:: TASK PROMPT ::
Within the entries below, please return exactly the lines from the one with "фото №4, Механізм" through the one with "66273106 :رقم المزاد", leaving out any pictures.
*** EXTRACTED RECORDS ***
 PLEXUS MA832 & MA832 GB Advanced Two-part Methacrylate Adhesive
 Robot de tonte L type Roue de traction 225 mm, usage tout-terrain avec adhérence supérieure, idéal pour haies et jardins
*** End of EXTRACTED RECORDS ***
*** EXTRACTED RECORDS ***
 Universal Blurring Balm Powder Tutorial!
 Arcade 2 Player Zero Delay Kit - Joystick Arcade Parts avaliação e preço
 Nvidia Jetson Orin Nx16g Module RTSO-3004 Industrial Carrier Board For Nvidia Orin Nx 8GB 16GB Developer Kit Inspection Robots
*** End of EXTRACTED RECORDS ***
*** EXTRACTED RECORDS ***
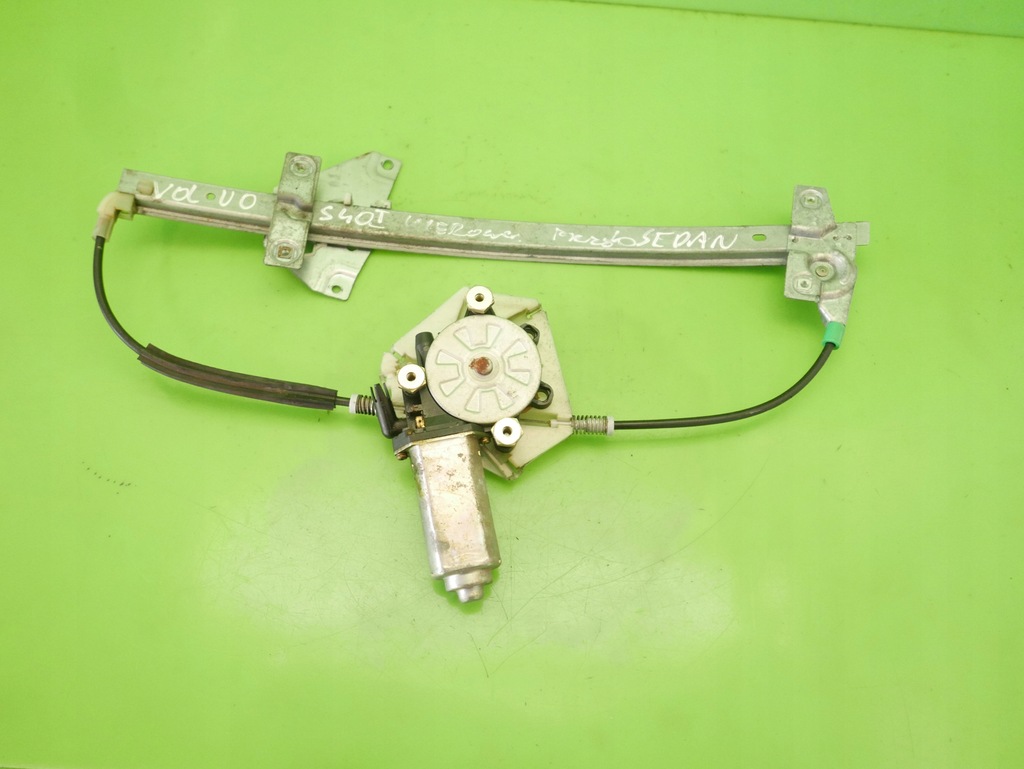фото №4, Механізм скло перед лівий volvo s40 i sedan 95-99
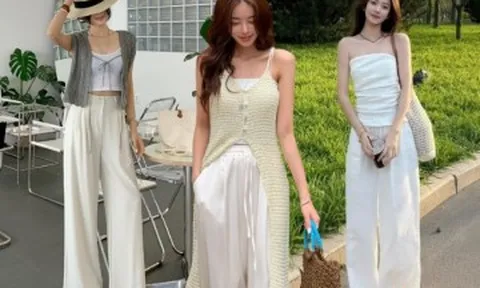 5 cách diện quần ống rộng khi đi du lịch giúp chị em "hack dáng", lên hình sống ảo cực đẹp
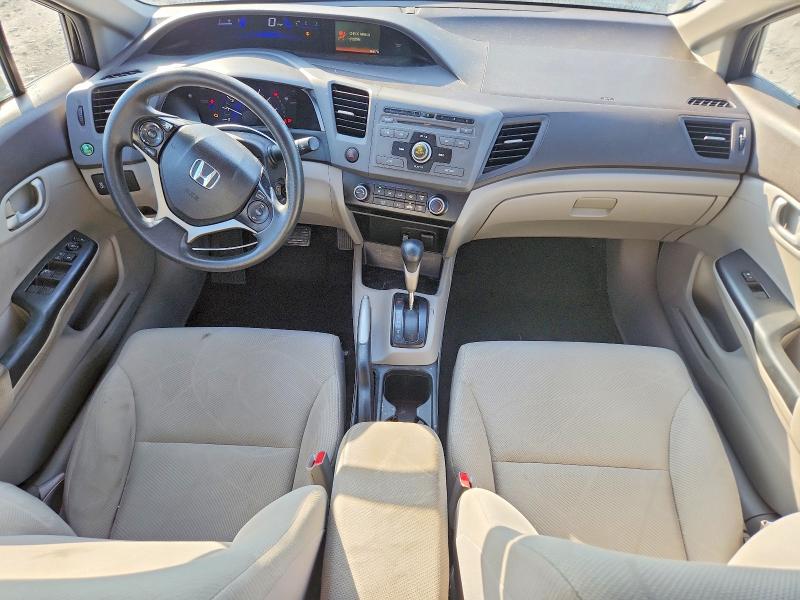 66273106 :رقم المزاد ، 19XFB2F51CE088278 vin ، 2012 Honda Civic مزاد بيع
*** End of EXTRACTED RECORDS ***
:: PROBLEM SOLUTION ::
фото №4, Механізм скло перед лівий volvo s40 i sedan 95-99
 5 cách diện quần ống rộng khi đi du lịch giúp chị em "hack dáng", lên hình sống ảo cực đẹp
 66273106 :رقم المزاد ، 19XFB2F51CE088278 vin ، 2012 Honda Civic مزاد بيع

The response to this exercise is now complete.